Records supplied:
════════

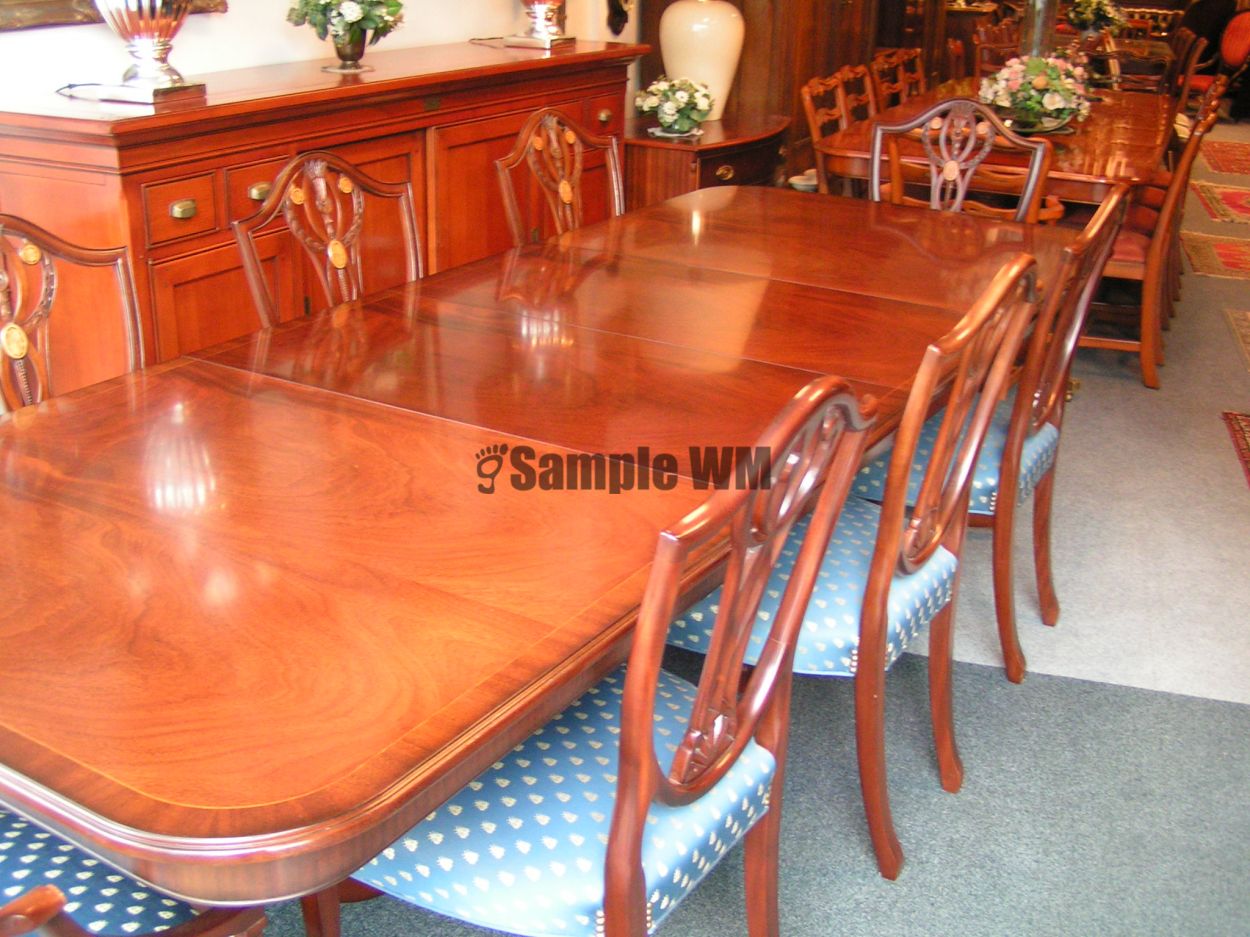 artikelnr. 1600854 Heldense Exclusief Mahonie Coulisse Tafel met 8 gloednieuwe superdeluxe Heldense stoelen: prijs op AANVRAAG
Heldense Exclusief Coulisse Tafel Mahonie in Nieuwstaat! Met 8 stoelen waar van 2 met Armleuning ook helemaal Nieuw.
Tafel is uitschuifbaar met 2 inlegbladen en alles intarsia ingelegd. Tafel staat op messing wielen en de tussen-bladen die onder het blad kunnen worden opgeborgen.
B 1.08m L 2.80m H 77cm
Tussen bladeren zijn; B 50 cm
Glas plaat aanwezig voor de tafel.
Keywords: artikelnr. 1600854 Heldense Exclusief Mahonie Coulisse Tafel met 8 gloednieuwe superdeluxe Heldense stoelen: prijs op AANVRAAG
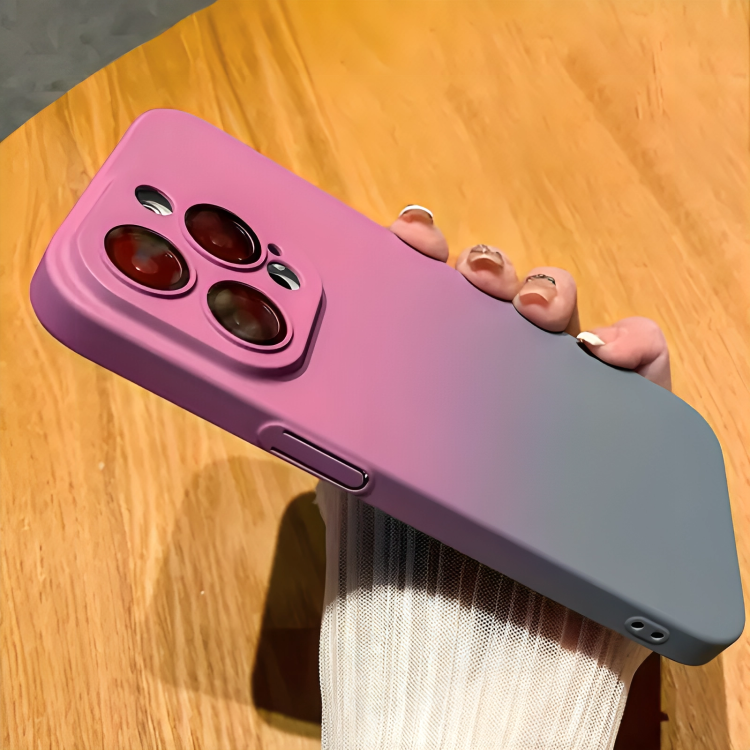 جراب بتصميم مميز بألوان مدمجه تضفي لمسة جمالية وأنيقة إلى هاتف iPhone 12 Pro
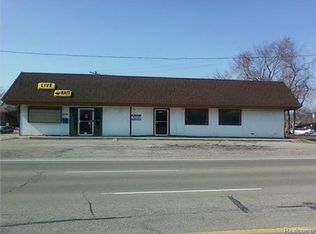 2700 Fort St, Trenton, MI 48183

════════

Assignment: Your task is an exact transcription of all the data, minus the pictures.

Response for this exercise:
 artikelnr. 1600854 Heldense Exclusief Mahonie Coulisse Tafel met 8 gloednieuwe superdeluxe Heldense stoelen: prijs op AANVRAAG
Heldense Exclusief Coulisse Tafel Mahonie in Nieuwstaat! Met 8 stoelen waar van 2 met Armleuning ook helemaal Nieuw.
Tafel is uitschuifbaar met 2 inlegbladen en alles intarsia ingelegd. Tafel staat op messing wielen en de tussen-bladen die onder het blad kunnen worden opgeborgen.
B 1.08m L 2.80m H 77cm
Tussen bladeren zijn; B 50 cm
Glas plaat aanwezig voor de tafel.
Keywords: artikelnr. 1600854 Heldense Exclusief Mahonie Coulisse Tafel met 8 gloednieuwe superdeluxe Heldense stoelen: prijs op AANVRAAG
 جراب بتصميم مميز بألوان مدمجه تضفي لمسة جمالية وأنيقة إلى هاتف iPhone 12 Pro
 2700 Fort St, Trenton, MI 48183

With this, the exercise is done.